9 Los gitanos

CAÍA la tarde; a un lado del camino había una tribu de gitanos que estaban pintando, con hollín de la chimenea, un burro flaco y desteñido. Como le faltaban muchos dientes, tapaban los huecos con cera; le arreglaron las patas y las orejas como sólo lo saben hacer los gitanos.

Al ver a fray Perico con aquella cara de bueno que tenía, quisieron engañarle y pusieron un cartel sobre los lomos del asno. Fray Perico vio el cartel y preguntó a los gitanos:

—¿Qué pone en ese cartel?

—Que se vende un burro barato con albarda; razón aquí.

—¿Y rebuzna?

—Pues claro, cuando tiene hambre.

—¿Y da coces?

—Claro que da coces.

—¿Le falta algún diente?

—Ni uno, nunca fue al dentista.

—¿Y es joven?

—Sólo hay que ver el pelo tan lustroso que tiene.

—¿Y anda?

—Vaya que si anda; pruébelo.

Fray Perico se montó en el burro; los gitanos le pincharon con un alfiler y el burro empezó a trotar con mucha fuerza; pero el fraile dijo: ¡sooo!, y el burro se paró, obediente.

—Lo compro. ¿Cuánto vale?

—Treinta reales.

—Ahí están.

Los gitanos los contaron y luego se despidieron del burro con muchos abrazos:

—Adiós, Calcetín; hasta siempre.

—Adiós, hermanos gitanos —gritó fray Perico.

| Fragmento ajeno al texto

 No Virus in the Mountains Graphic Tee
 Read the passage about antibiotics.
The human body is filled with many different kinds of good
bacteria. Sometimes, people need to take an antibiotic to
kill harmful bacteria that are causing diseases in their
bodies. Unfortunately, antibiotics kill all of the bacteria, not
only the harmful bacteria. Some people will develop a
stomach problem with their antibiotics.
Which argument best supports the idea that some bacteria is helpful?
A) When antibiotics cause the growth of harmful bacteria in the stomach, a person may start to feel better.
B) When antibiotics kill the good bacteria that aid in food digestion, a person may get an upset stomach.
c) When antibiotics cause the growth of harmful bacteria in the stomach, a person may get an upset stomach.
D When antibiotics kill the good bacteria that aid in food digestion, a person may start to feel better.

Fray Perico cargó las alforjas y se montó sobre el burro.

Tracatá, tracatá, tracatá, el burro salió trotando. Tracatá, tracatá, tracatá, el fraile iba tan contento. En esto comenzó a llover. Gruesos goterones caían sobre el burro y sobre fray Perico. El fraile notaba que el burro se desteñía y tomaba un color muy feo. Poco después dejó de trotar y se derrumbó como una pared vieja.

Fray Perico le puso el termómetro y éste marcó cuarenta de fiebre. «Está grave», pensó fray Perico, preocupado. Le descargó la alforja y le ayudó a caminar. Subieron la cuesta y llegaron trabajosamente al convento.

¡Pom, pom, pom!

—¿Quién es?

—Soy yo, fray Perico. ¡Abre, abre pronto!

Tris, tras, tris… Abrió fray Baldomero los cerrojos.

—Pasa, pasa, fray Perico. Hace frío.

—Es que no vengo solo. Traigo, traigo… un amigo.

—Pues que pase. Cena tendrá y cama en esta casa.

Y fray Perico tiraba de un cordel y el amigo no quería entrar.

—Ayúdame, tira, fray Baldomero.

—Tendrá mucha vergüenza tu amigo. ¡Pobrecillo!

Después de mucho tirar, el borrico entró y fray Baldomero se quedó con la boca abierta:

—¡Pero si es un burro!

Luego, como un loco, salió corriendo a avisar a los demás frailes:

—¡Fray Perico ha traído un burroooo! ¡Un burroooo!

¡Qué carreras por los pasillos! ¡Qué abrir y cerrar de puertas! ¡Qué tropel de frailes! ¡Qué risas! Fray Olegario, el bibliotecario, el viejecito del bastón, tropezó, y dos, tres, cinco, ocho frailes cayeron por el suelo rodando escaleras abajo.

—¡Un burro! ¡Un burro! —gritaban. Los frailes, muy contentos, empezaron a estudiar el burro. Unos le miraban la dentadura; otros le miraban por las orejas, por si estaba hueco; otros le contaban las patas. Al verlo tan viejo, tan feo, tan sin dientes y tan enfermo, le preguntaron a fray Perico:

—¿Quién te lo ha regalado?

—Lo he comprado a los gitanos.

—¿A los gitanos? ¡Ave María Purísima! ¿Por cuánto?

—Por los treinta reales de la miel.

—¡Te han engañado! ¡Con la falta que hacía el dinero en el convento!

Los frailes, muy enfadados, mandaron a fray Perico a buscar a los gitanos para devolverles el burro. Luego cerraron la puerta y dijeron:

—¡Aquí no vuelvas sin el dinero!

El burro, al sentir cerrarse la puerta detrás de sí, comenzó a llorar. Fray Perico le secó los ojos con su pañuelo y lo consoló:

—No llores, hombre, yo no te abandonaré.